***** MATERIAL PROVIDED

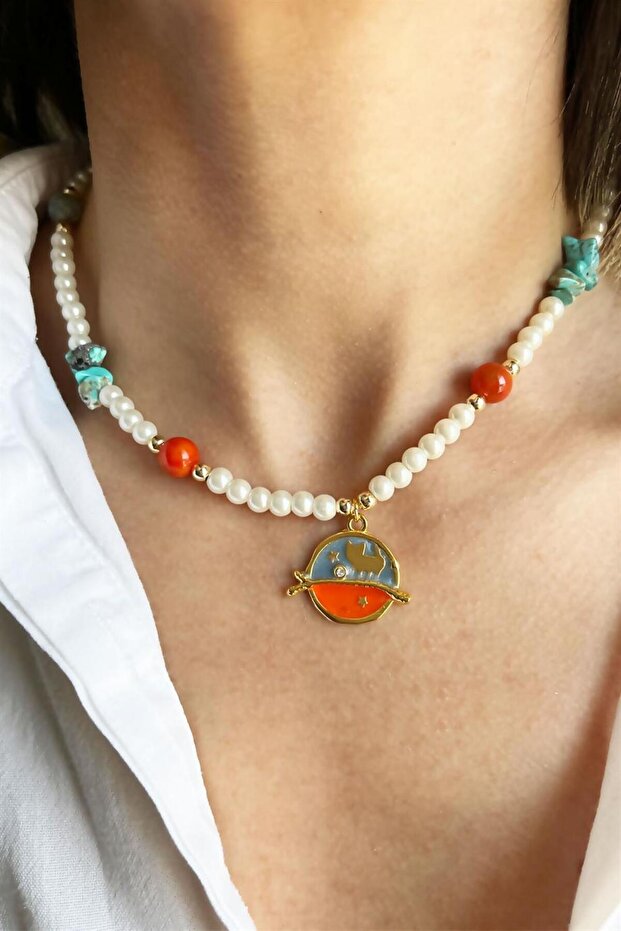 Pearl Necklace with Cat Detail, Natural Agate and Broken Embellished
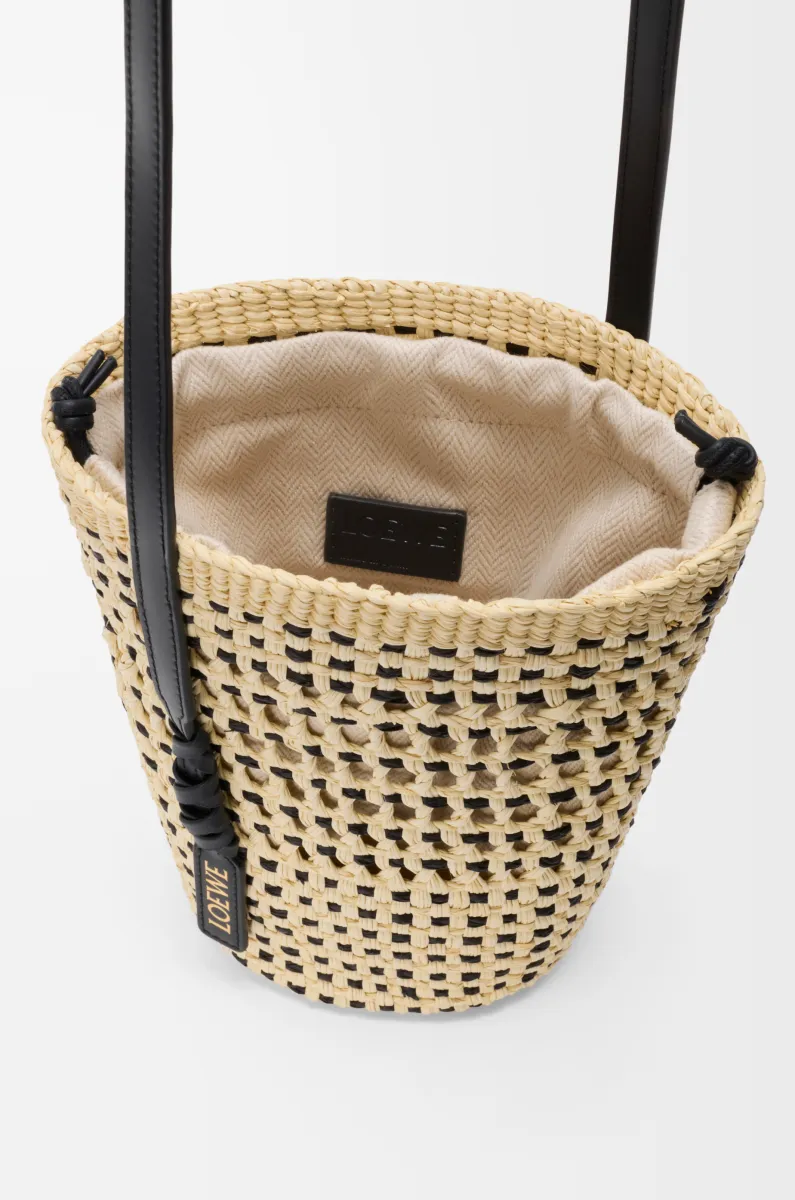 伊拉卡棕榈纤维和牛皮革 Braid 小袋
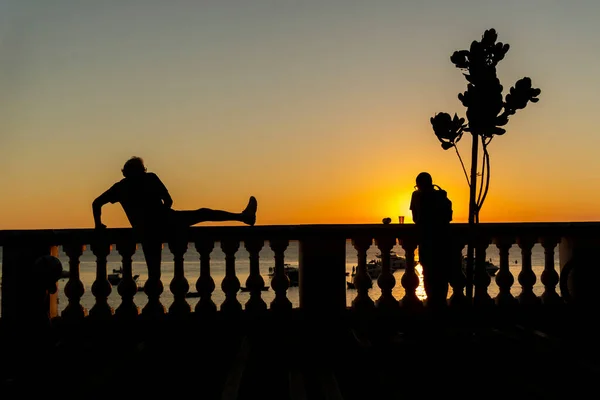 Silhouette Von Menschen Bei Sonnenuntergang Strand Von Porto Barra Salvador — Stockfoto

**********

▸ EXERCISE DESCRIPTION
Leave out the pictures and give the rest of the material again, unaltered.

▸ ANSWER TO THIS TASK
 Pearl Necklace with Cat Detail, Natural Agate and Broken Embellished
 伊拉卡棕榈纤维和牛皮革 Braid 小袋
 Silhouette Von Menschen Bei Sonnenuntergang Strand Von Porto Barra Salvador — Stockfoto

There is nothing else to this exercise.